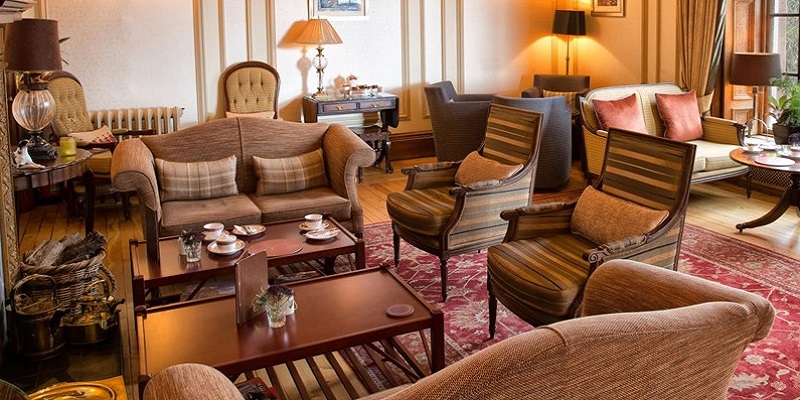 Image of inside Cringletie house hotel. It shows a room with lots of comfy seating options.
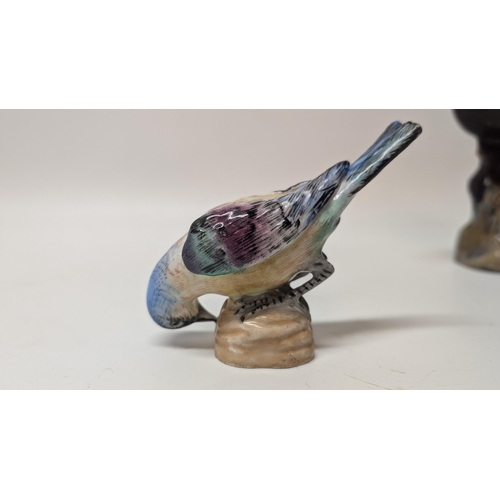 165 - Antique Figurines inc. 
-  Meissen Parrot 7cm Tall
- Staffordshire Cow 4cm Tall
- Majolica Rooster m... 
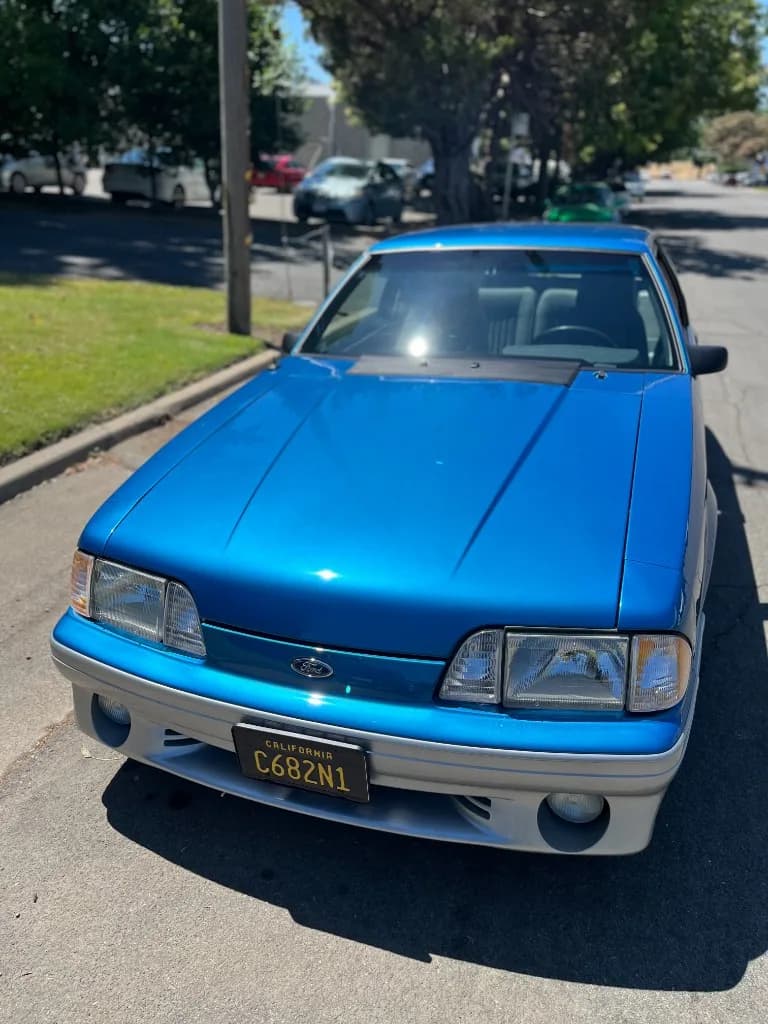 Front view of a blue Fox-body Mustang 5.0 after detailing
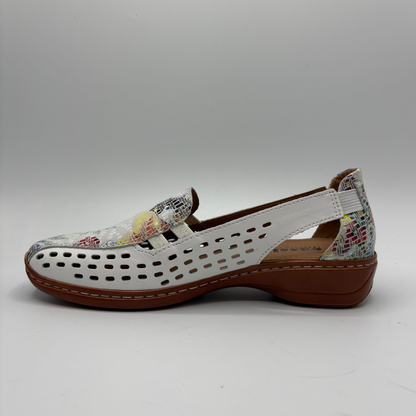White shoe with floral patterned straps on a gray background
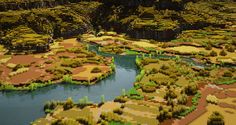 an aerial view of a river surrounded by trees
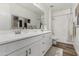 Bathroom featuring a double vanity with white cabinets and elegant decor, creating a clean and stylish space at 3749 E Sagebrush St, Gilbert, AZ 85296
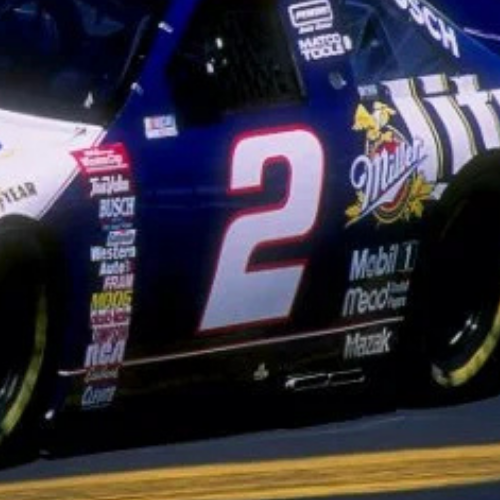 Close-up of a race car with the number 2 on the side and Miller Lite branding.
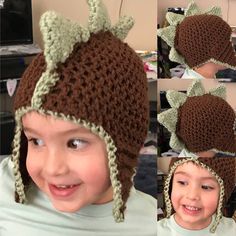 the child is wearing a crocheted hat with horns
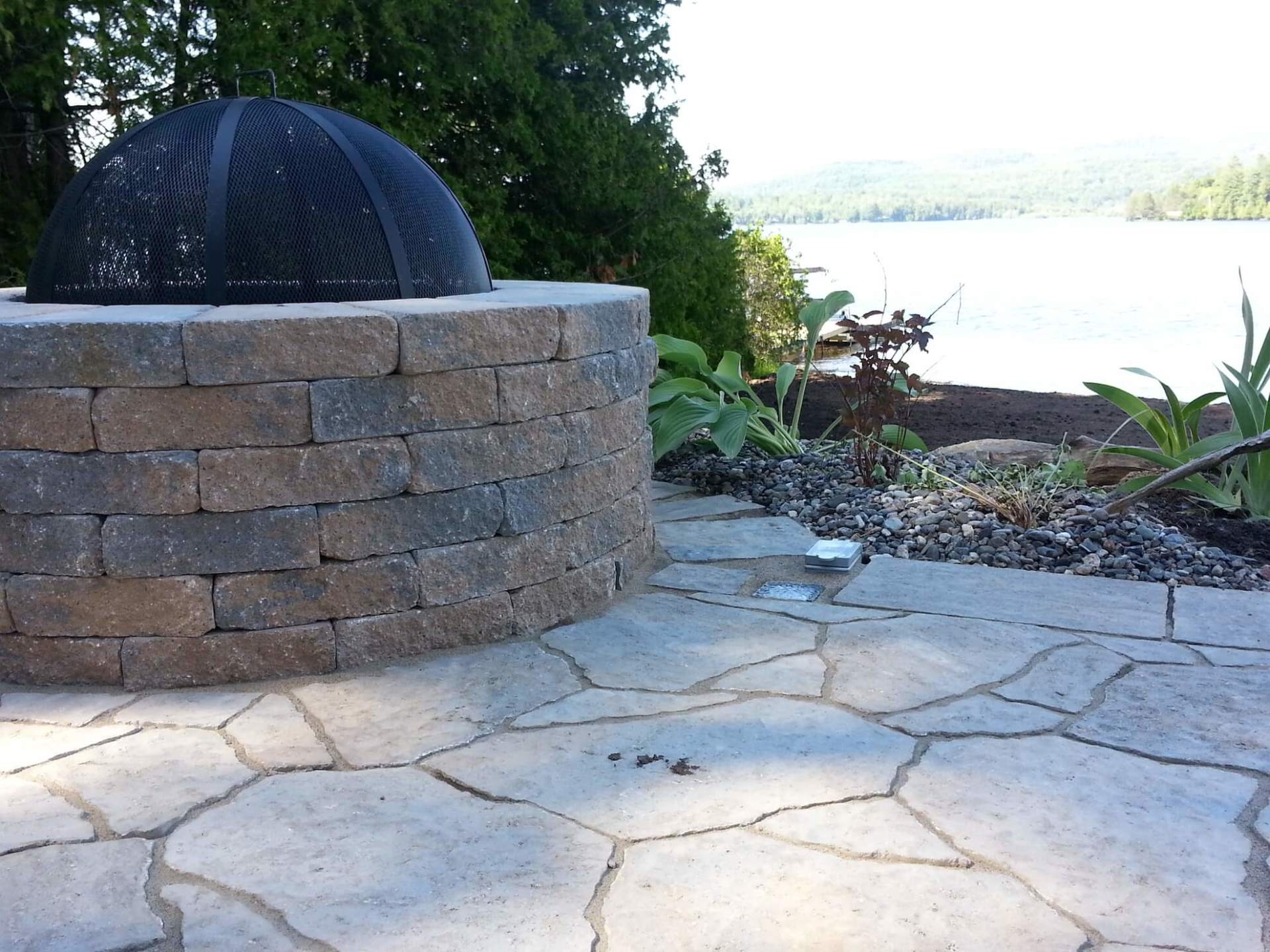Un foyer est entouré d'un mur de briques et d'un patio en pierre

** Task directions **
Could the listing above be printed again in full, with every picture omitted?

** Answer space **
 Image of inside Cringletie house hotel. It shows a room with lots of comfy seating options.
 165 - Antique Figurines inc. 
-  Meissen Parrot 7cm Tall
- Staffordshire Cow 4cm Tall
- Majolica Rooster m... 
 Front view of a blue Fox-body Mustang 5.0 after detailing
White shoe with floral patterned straps on a gray background
 an aerial view of a river surrounded by trees
 Bathroom featuring a double vanity with white cabinets and elegant decor, creating a clean and stylish space at 3749 E Sagebrush St, Gilbert, AZ 85296
 Close-up of a race car with the number 2 on the side and Miller Lite branding.
 the child is wearing a crocheted hat with horns
Un foyer est entouré d'un mur de briques et d'un patio en pierre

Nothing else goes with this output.